By using a regular SCGRA overlay built on top of the physical FPGA devices, we have developed an automatic nested loop acceleration framework called QuickDough. QuickDough targets hybrid CPU-FPGA computing systems where the FPGA is devoted to accelerating compute intensive loop kernel and CPU handles the rest of the application. Figure 1 depicts an overview of the design framework, highlighting the complementary accelerator generation and accelerator customization paths.

By design, the steps along the accelerator generation path are short and essential during rapid design iterations. Collectively, they are able to generate FPGA loop accelerators making use of a pre-built bitstream library in the order of seconds [10].

Meanwhile, the focus of this paper is on the accelerator customization path, which is relatively slow but is necessary



Fig. 1. Automatic nested loop acceleration framework

for improving performance of the resulting accelerators on a per-application basis. These steps automatically tunes the design parameters including overlay architectural parameters, compilation options as well as communication between the FPGA accelerator and host processor specifically to a user application under user constraints such as hardware resource budgets. With the customized design parameters, HDL models of the corresponding SCGRA overlay and their associated drivers are then generated. Afterwards, the drivers will be used by the software compiler while the FPGA accelerator will be implemented and stored in the accelerator library, which can be reused by the fast accelerator generation path in subsequent compilations.

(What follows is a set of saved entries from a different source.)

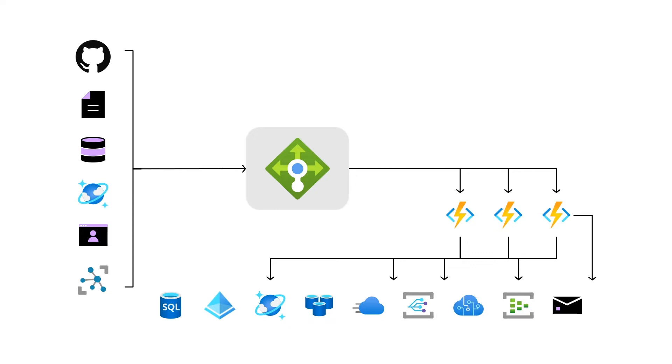And finally, at the bottom, we have the managed services. These are our data stores, maybe authentication providers or event platforms that we can use with serverless applications.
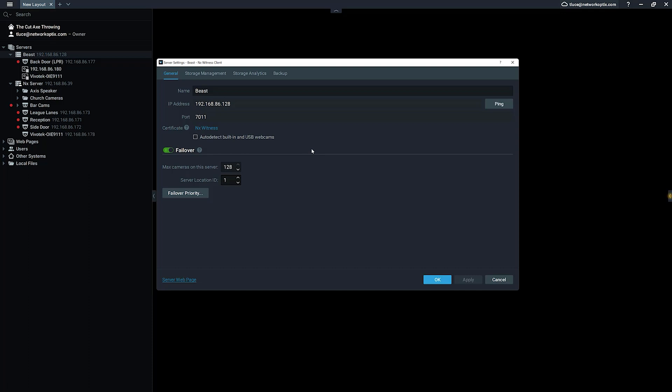So again, really primarily for large systems with multiple servers spread across multiple different locations to allow you to manage where those cameras fail over to. But a cool new feature in version 5.0 you should check it out.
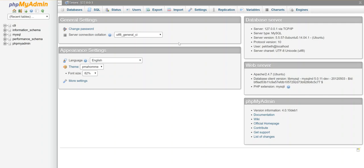I'm here in phpMyAdmin and I want to make a new database and add some tables and set up the columns and all that business. I can do that without using pure SQL because this is a graphical interface, so I'm going to show you how to create a database and add some tables to it without writing any SQL at all.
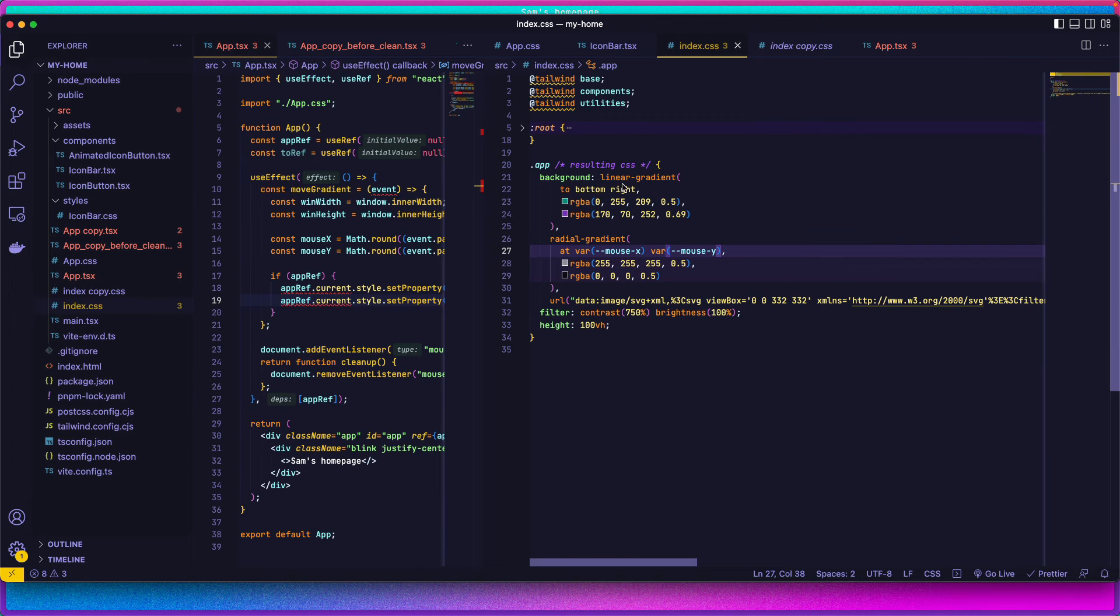Obviously, you can go ahead and copy this. It'll be in the description in a code pen if you want this gradient setup.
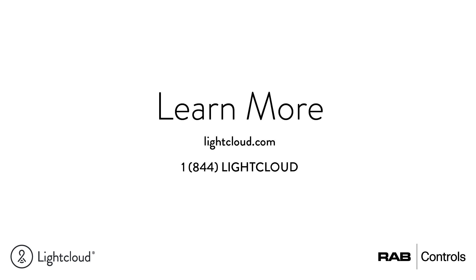For additional information, please visit lightcloud.com or call our support team at 1-844-LightCloud.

# A. SCGRA based FPGA accelerator

Figure 2 shows the design of a typical SCGRA overlay based FPGA accelerator. In the accelerator, on-chip memory i.e. IBuf and OBuf are used to buffer the communication data between the host CPU and the accelerator. A controller is also presented in hardware to control the operations of the accelerator as well as memory transfers. The SCGRA, which is the kernel computation fabric, consists of an array of PEs and it achieves the computation task through the distributed control words stored in each PE. The AddrBuf stores all the valid IO buffer accessing addresses of the computation. The current implementation of a PE template is also presented in this figure. At the heart of the PE is an ALU, which is supported by a multi-port data memory and an instruction memory. Data memory stores intermediate data during the computation while instruction memory stores all control words that determines the action of the PE. In addition, a global signal from the AccCtrl block controls the start/stop of all PEs in the array.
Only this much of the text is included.